* _BRIEF_
Produce a verbatim copy of the following records, leaving out all pictures.

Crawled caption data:
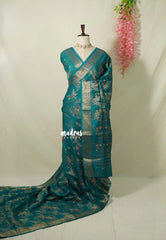 Teal Green - Soft and Silky Georgette with Zari Emboss Weaving with Border - Best for Office Wear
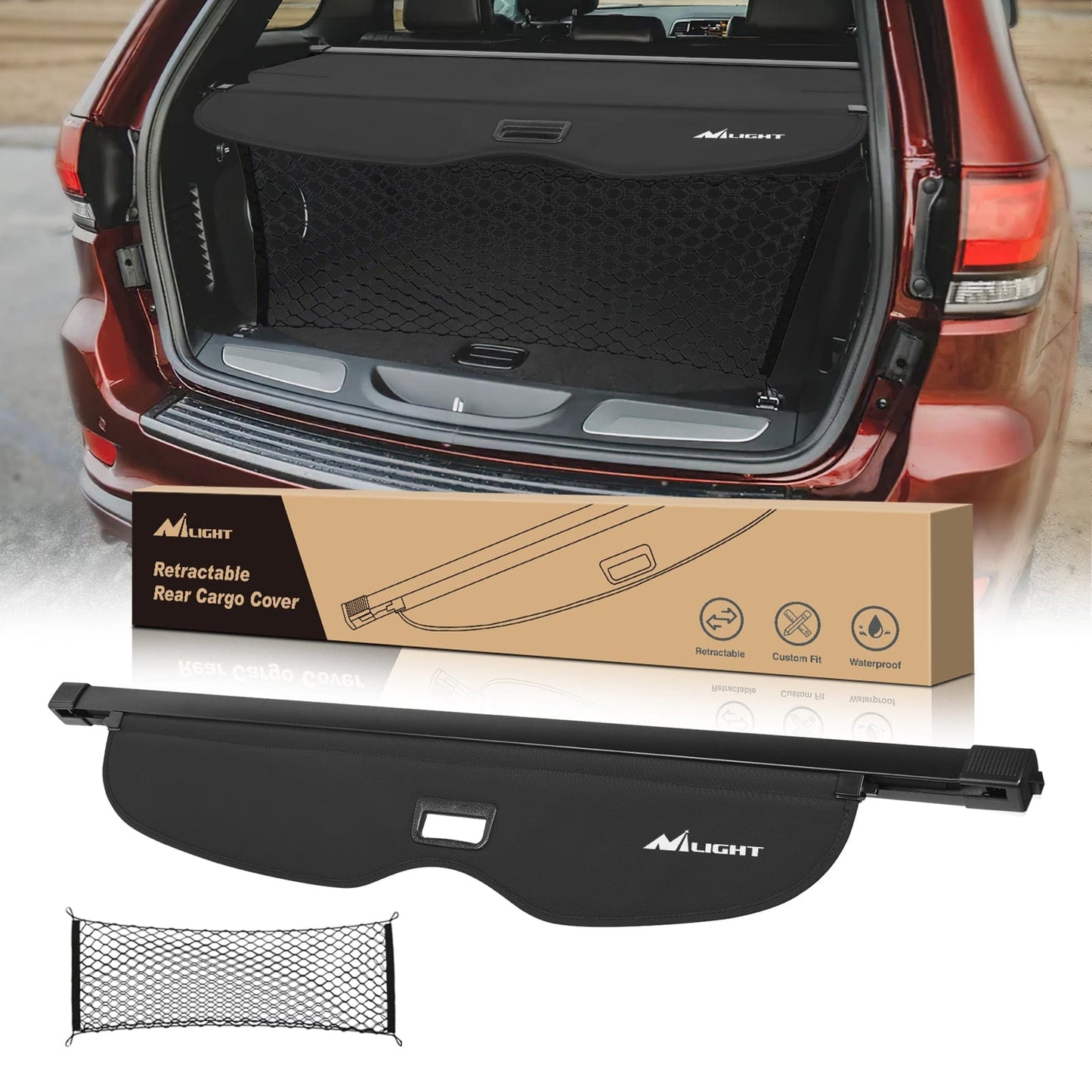 Trunk Cargo Cover Trunk Cargo Cover with Storage Net for Jeep Grand Cherokee Accessories 2011-2021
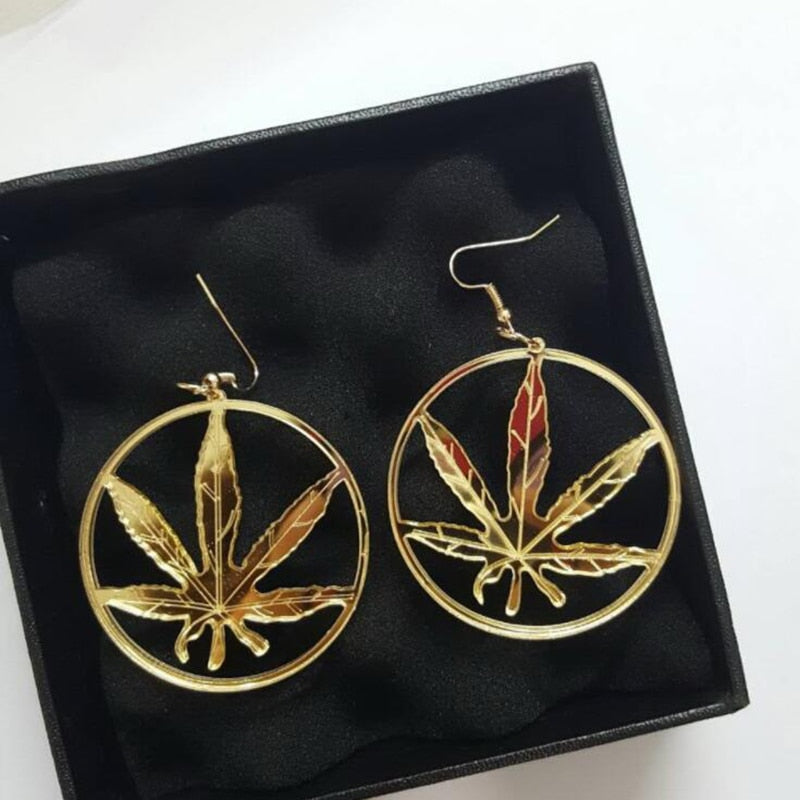 Leaf Round Drop Earrings Cartoon Art Women Party Jewelry Ear Fashion Pendant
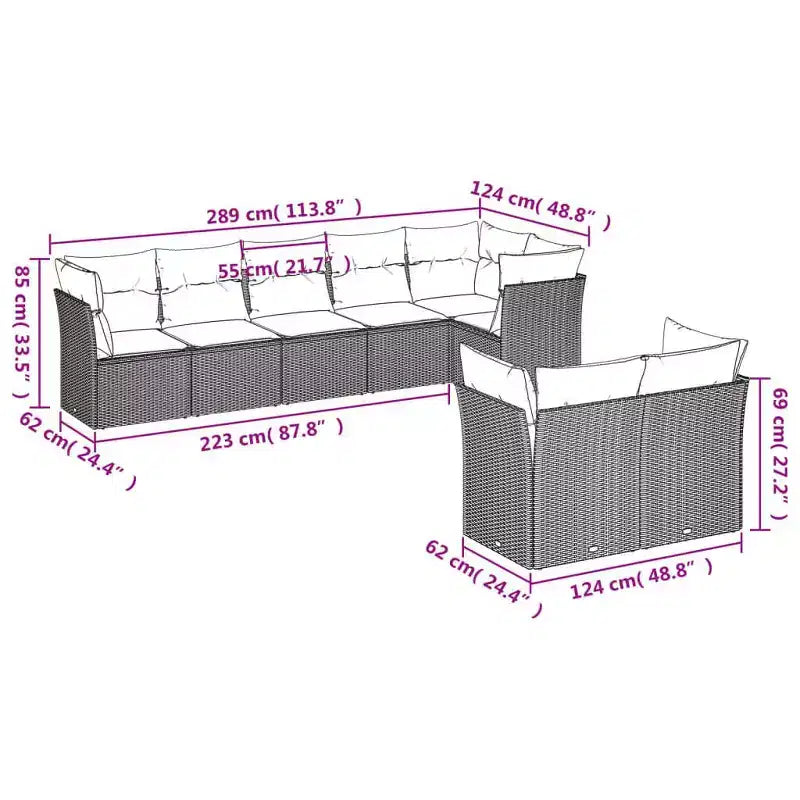 vidaXL 9 Piece Patio Sofa Set with Cushions Gray Poly Rattan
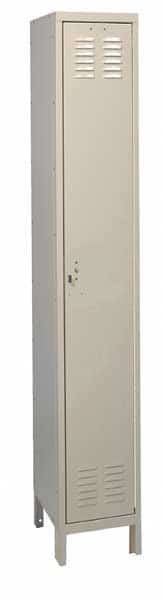 Wardrobe Locker, 12 in W, 18 in D, 78 in H, (1) Tier, (1) Wide, Tan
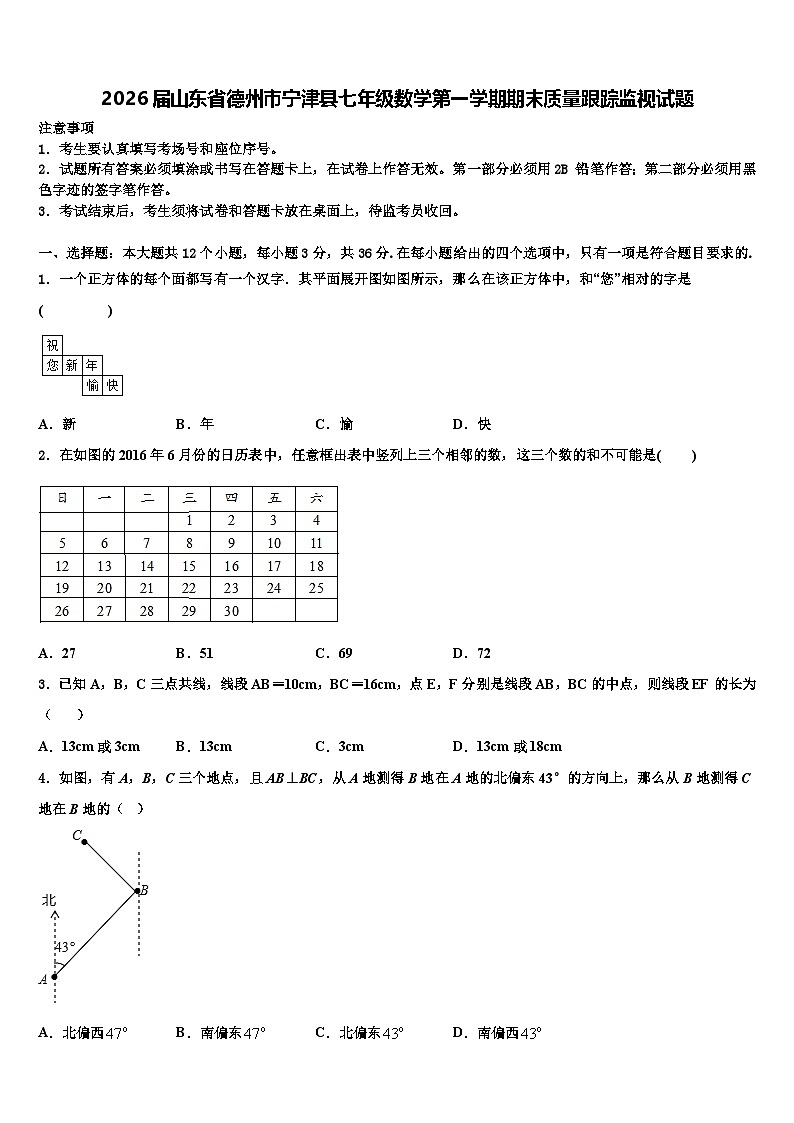 2026届山东省德州市宁津县七年级数学第一学期期末质量跟踪监视试题含解析第1页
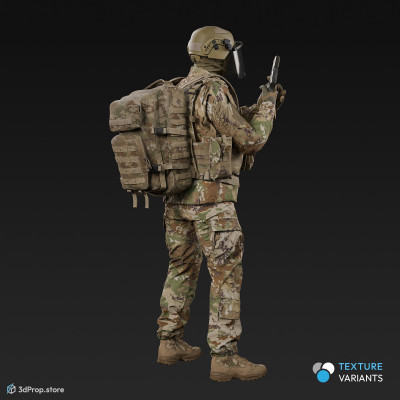 3D model of a soldier character in modern US military clothing reloading his pistol while his other weapon hangs at his side.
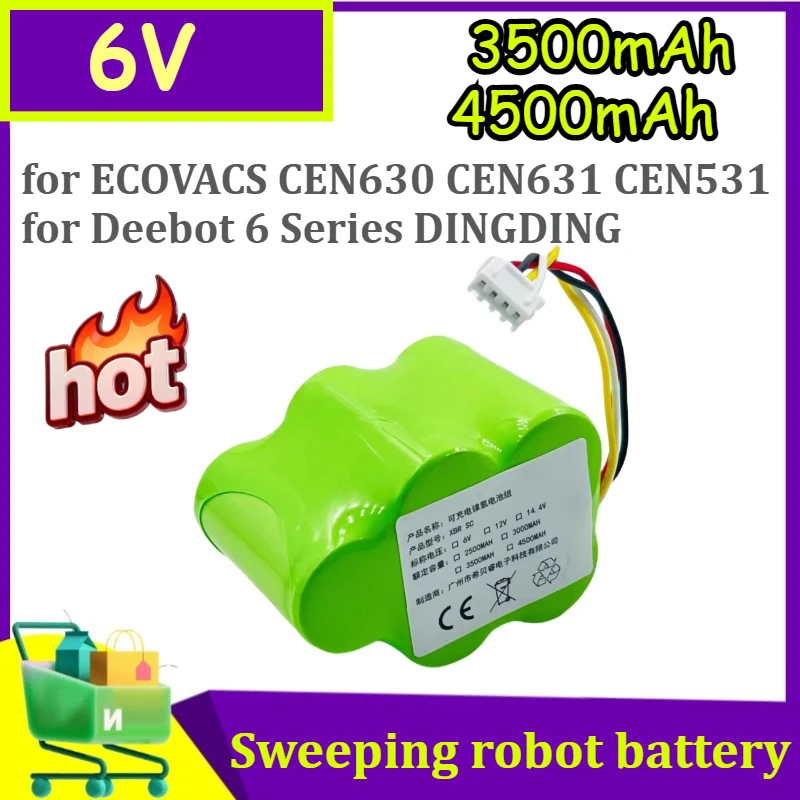 6V 4500mAh for ECOVACS CEN630 CEN631 CEN531 for Deebot 6 Series DINGDING Robotic Vacuum Cleaner Replacement Battery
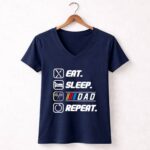 Eat Sleep Nascar Dad Repeat 2 Womens V Neck.jpg
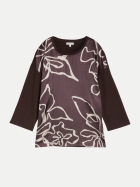 Tom Tailor Casual Langarmshirt mit Blumenmuster 13234-java dark brown bei Robert Ley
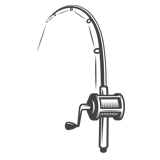 A black and white image of a faucet. A black and white image of a faucet.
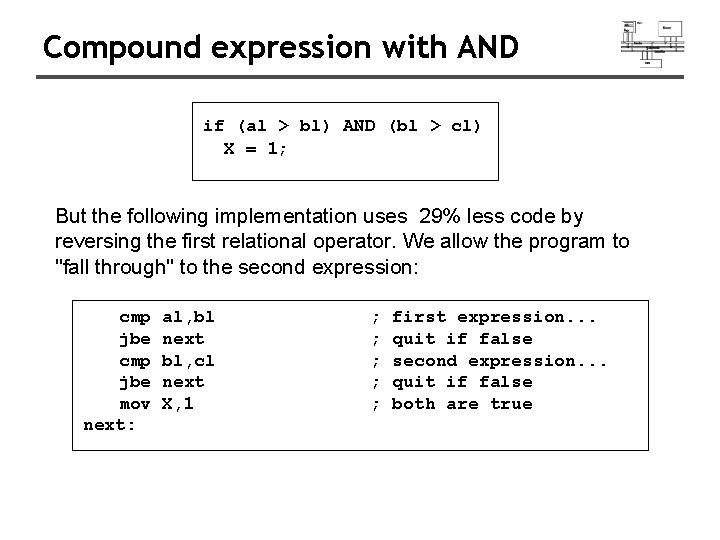 Compound expression with AND if (al > bl) AND (bl > cl) X =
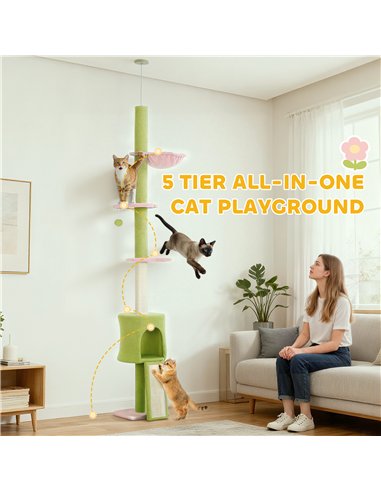 PawHut 220-240 cm Floor to Ceiling Cat Tree Adjustable Height with Hammock, Condo, Scratching Posts, Green
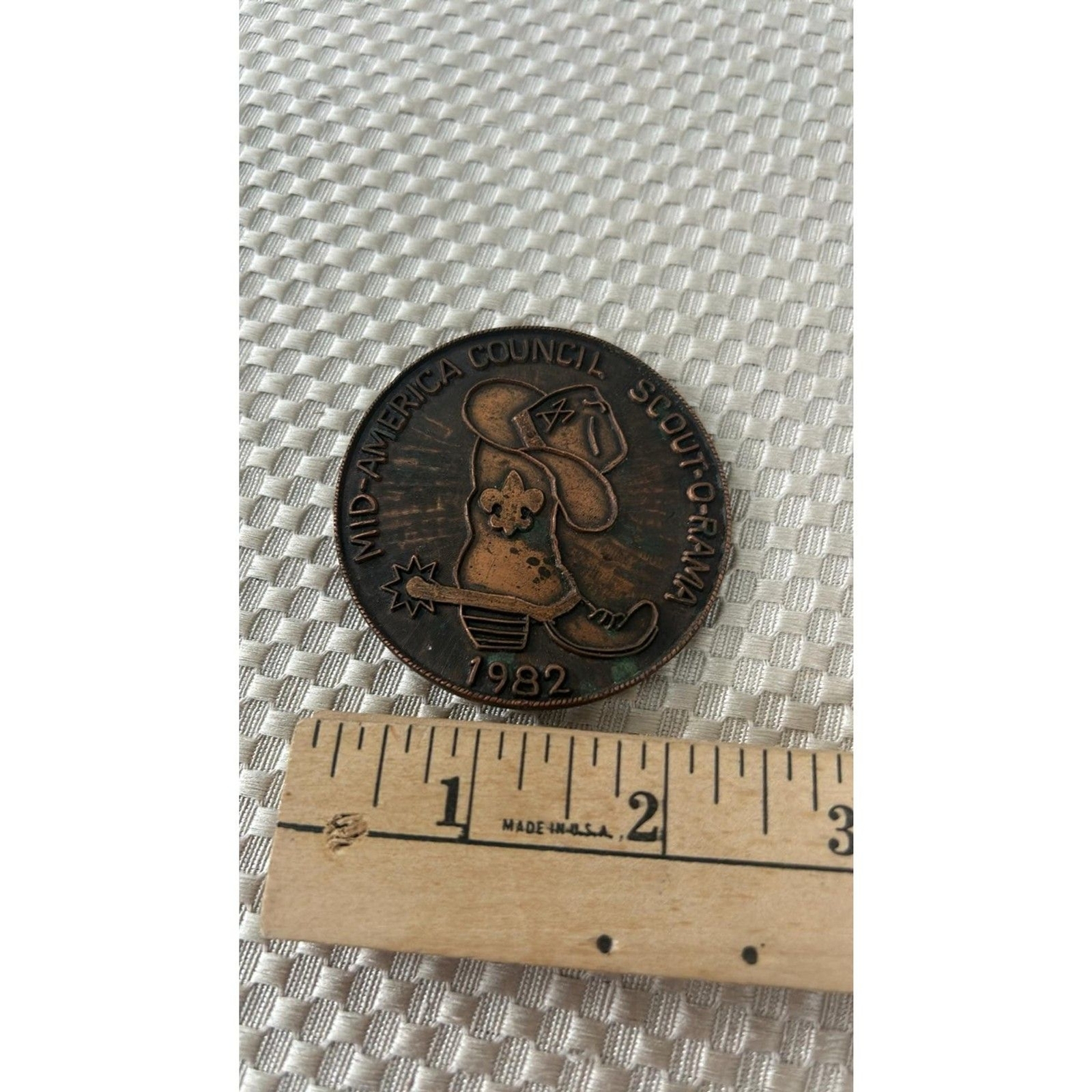 Vintage 1982 Bronze Boy Scouts Mid America Council Scout O Rama Belt Buckle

* _TASK RESULT_
 Teal Green - Soft and Silky Georgette with Zari Emboss Weaving with Border - Best for Office Wear
 Trunk Cargo Cover Trunk Cargo Cover with Storage Net for Jeep Grand Cherokee Accessories 2011-2021
 Leaf Round Drop Earrings Cartoon Art Women Party Jewelry Ear Fashion Pendant
 vidaXL 9 Piece Patio Sofa Set with Cushions Gray Poly Rattan
 Wardrobe Locker, 12 in W, 18 in D, 78 in H, (1) Tier, (1) Wide, Tan
 2026届山东省德州市宁津县七年级数学第一学期期末质量跟踪监视试题含解析第1页
 3D model of a soldier character in modern US military clothing reloading his pistol while his other weapon hangs at his side.
 6V 4500mAh for ECOVACS CEN630 CEN631 CEN531 for Deebot 6 Series DINGDING Robotic Vacuum Cleaner Replacement Battery
 Eat Sleep Nascar Dad Repeat 2 Womens V Neck.jpg
 Tom Tailor Casual Langarmshirt mit Blumenmuster 13234-java dark brown bei Robert Ley
 A black and white image of a faucet. A black and white image of a faucet.
 Compound expression with AND if (al > bl) AND (bl > cl) X =
 PawHut 220-240 cm Floor to Ceiling Cat Tree Adjustable Height with Hammock, Condo, Scratching Posts, Green
 Vintage 1982 Bronze Boy Scouts Mid America Council Scout O Rama Belt Buckle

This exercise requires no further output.